What's behind this trait is still an emerging area of research. There have been hints that levels of dopamine, a neurotransmitter (chemical messenger) in the brain are linked to hypnotisability. Preliminary studies have pointed to a gene called COMT, which is involved in dopamine metabolism, but the findings have been mixed and a clear genetic picture has yet to emerge.

Another neurotransmitter, gamma-aminobutyric acid (GABA), has also been linked to hypnotisability. In one study at Stanford by Spiegel, Danielle DeSouza and colleagues, the researchers found that highly hypnotisable people had higher levels of the neurotransmitter GABA in a part of the brain thought to be closely involved in hypnosis. This brain region, the anterior cingulate cortex, is involved in cognitive control and volition, among other things. GABA has an inhibitory effect on brain cells, leading DeSouza and Spiegel to suggest that greater pools of GABA in this brain region could help highs slip into a hypnotic state more readily.
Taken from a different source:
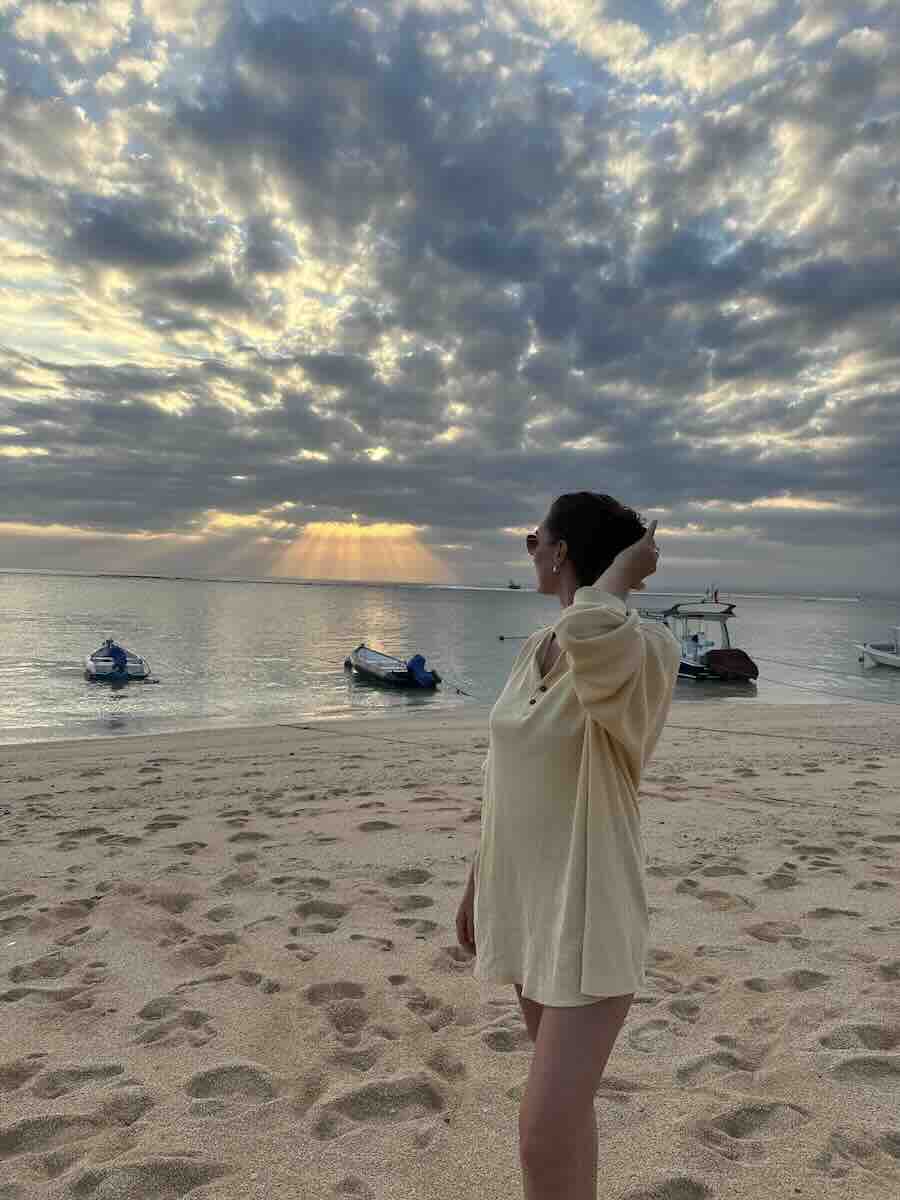 Traveler watching sunset from a sandy beach with small boats anchored offshore in Nusa Lembongan.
There are also some indicators of personality traits linked to hypnotisability – but not at the level of the "Big Five" traits: highs and lows alike can be extroverts or introverts, agreeable or disagreeable, neurotic or emotionally stable, open or closed to new experiences, conscientious or highly disorganised. However, some subtler characteristics are more commonly found in highs – such as being more imaginatively engaged, responsive to environmental cues or predisposed to self-transcendence, says Terhune.
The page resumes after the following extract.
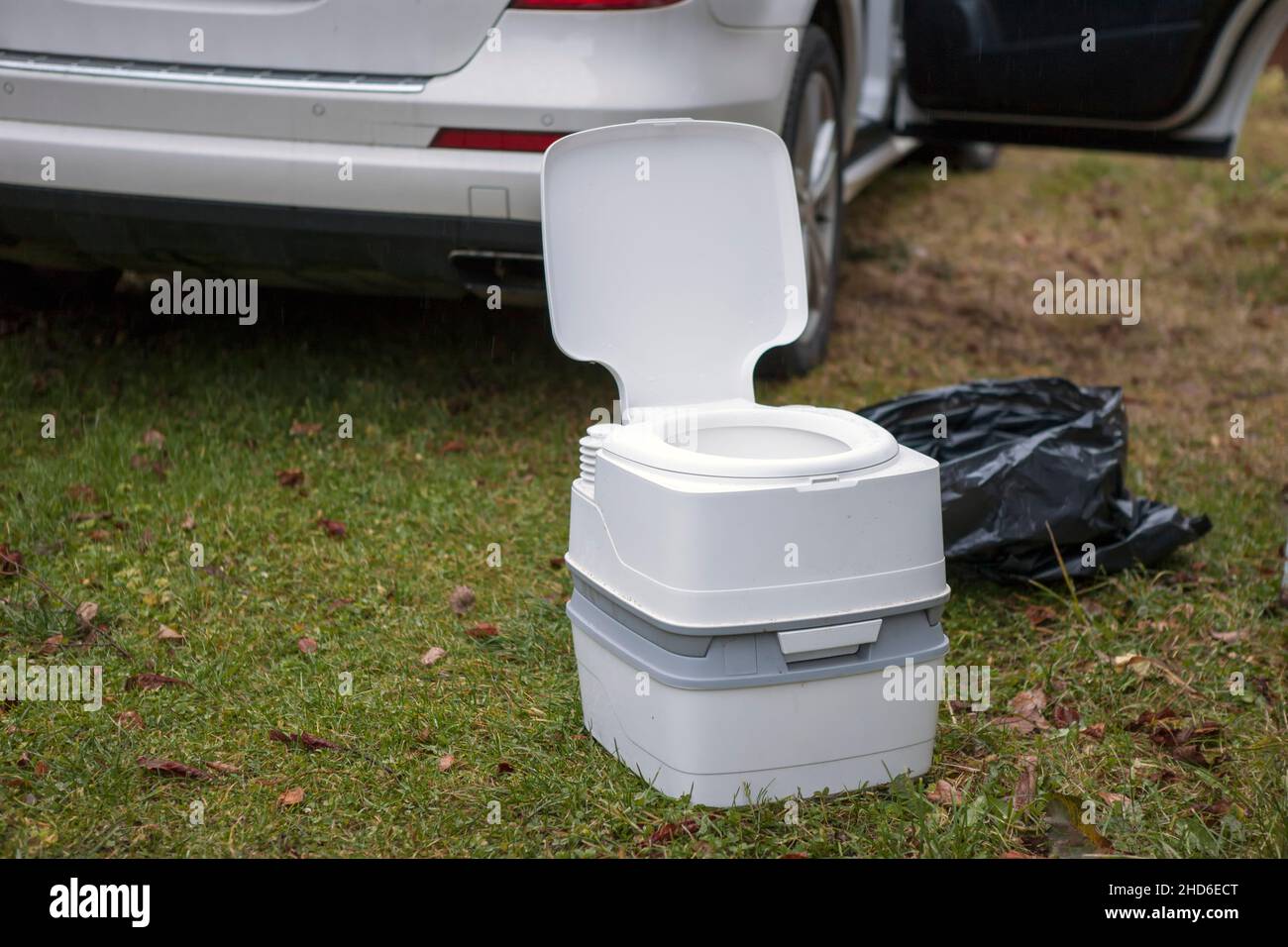a portable potty next to a vehicle with open door, outdoor image Stock Photo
Anecdotally, the hypnotism researchers I spoke to describe a few traits they often see in highs. They're the people who get so engrossed in a book they lose track of their surroundings, or who scream out loud at jump scares in films.

On my way to Terhune's office, I remember the time I turned up late to a new job after taking the underground the breadth of London in the wrong direction while buried in Naomi Alderman's The Power. I consider the fact that I avoid anything remotely scary at the cinema, ever since I let out a blood-curdling shriek during the infamously terrifying Harry Potter and the Chamber of Secrets.

I wonder whether I might be hypnotisable after all.

Involuntary response


Perched on top of the grey sofa in Terhune's office is a large cushion, positioned as if ready to support the head of someone who felt suddenly drowsy. This and a conspicuous plain black box, something like an oversized shoebox, are the only items in the room to distinguish it from countless other academics' offices in Goldsmith University's south London campus. Here, Terhune researches many aspects of consciousness, from hypnosis to metacognition, and these are his experimental props.

After taking consent to carry out a few basic tests to see how hypnotisable I am, Terhune scribbles a small dot on a whiteboard opposite the sofa, which he calls the "target", and invites me to focus on it. I do, and he begins to read from a script in a slow, steady voice:

"I'm about to help you relax, and meanwhile let me give you a set of instructions that will help you to gradually enter a state of hypnosis. Continue to focus closely on the target. Please look at the target. And while staring at it, keep listening closely to my words. You can become hypnotised if you are willing to do what I ask you to, and if you concentrate on the target and what I say…"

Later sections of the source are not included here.